I have often heard members of our white minority complaining about crime, expressing the desire to leave a country that is “going backwards”. I have never felt that way.

I grew up in a diverse home where racism was non-existent. I grew up playing in soccer academies in areas where I often saw no other white people.

Never have I experienced a crime in my household nor have I been personally victimised. I lived my life in a free South Africa, unlike those who claimed that, if they lived abroad, their “children could ride their bikes outside and walk to school”. Growing up, I played in my neighbourhood park, in Orange Grove. I walked to school with my helper every day.

“I grew up in a diverse home where racism was non-existent.”

Luca sliceIn my mother’s opinion, it was always about your attitude to crime.

If you wanted to be negative then bad things would happen to you.

However last week Wednesday, while covering a soccer game, I was mugged. I was approached by two men who took my phone and threatened me physically.

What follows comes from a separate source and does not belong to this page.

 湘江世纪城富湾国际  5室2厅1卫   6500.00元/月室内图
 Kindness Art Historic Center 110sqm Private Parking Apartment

I was distraught.

When they walked up to me, I had no foresight of what would happen next. I was not scared, I was just ready to get home and finish my work. I did not expect to be mugged.

Friends have since suggested that I take precautionary measures for the future: perhaps buy pepper spray or a knife to protect myself. I thought deeply about this and remembered my mother’s words. I decided not to buy either of these items because, if I do, I fear that I will constantly find reasons to use them.

I made the decision that those two men will not change my attitude towards the country I hold so dear to my heart.

I will not become a racist because of two people who committed a crime.

I will not live in fear in the streets I call my own because of two individuals. I still love my beautiful country, but I will learn to be more cautious, because not everyone is a good person.

I am lucky that I was not physically harmed, and I understand the situation could have been vastly different. But crime happens all over the world.

I still live with hope that one day, my children will have the same childhood that I had and will experience the freedom I experienced and the simple pleasure of being able to walk in their neighbourhood without fear in their hearts.